[[ RECORDS FOR THIS TASK open ]]

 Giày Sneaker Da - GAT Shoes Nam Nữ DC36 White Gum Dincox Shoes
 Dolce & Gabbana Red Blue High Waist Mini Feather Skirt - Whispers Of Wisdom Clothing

[[ RECORDS FOR THIS TASK closed ]]
[[ RECORDS FOR THIS TASK open ]]

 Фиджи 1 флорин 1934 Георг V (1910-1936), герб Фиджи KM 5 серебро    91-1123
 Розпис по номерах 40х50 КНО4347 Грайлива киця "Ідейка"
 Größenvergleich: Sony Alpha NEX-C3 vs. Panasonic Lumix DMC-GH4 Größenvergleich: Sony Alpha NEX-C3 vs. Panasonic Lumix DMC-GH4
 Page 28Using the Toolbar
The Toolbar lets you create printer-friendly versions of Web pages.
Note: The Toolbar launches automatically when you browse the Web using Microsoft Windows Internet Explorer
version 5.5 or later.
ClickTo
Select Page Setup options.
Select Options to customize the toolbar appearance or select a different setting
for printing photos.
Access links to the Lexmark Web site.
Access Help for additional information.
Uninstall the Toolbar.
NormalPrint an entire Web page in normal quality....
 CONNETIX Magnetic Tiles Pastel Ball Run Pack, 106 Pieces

[[ RECORDS FOR THIS TASK closed ]]

WHAT TO PRODUCE: Find every line in the records that uses the string "Access", then copy it.

SOLUTION FOR THIS PROBLEM:
Access links to the Lexmark Web site.
Access Help for additional information.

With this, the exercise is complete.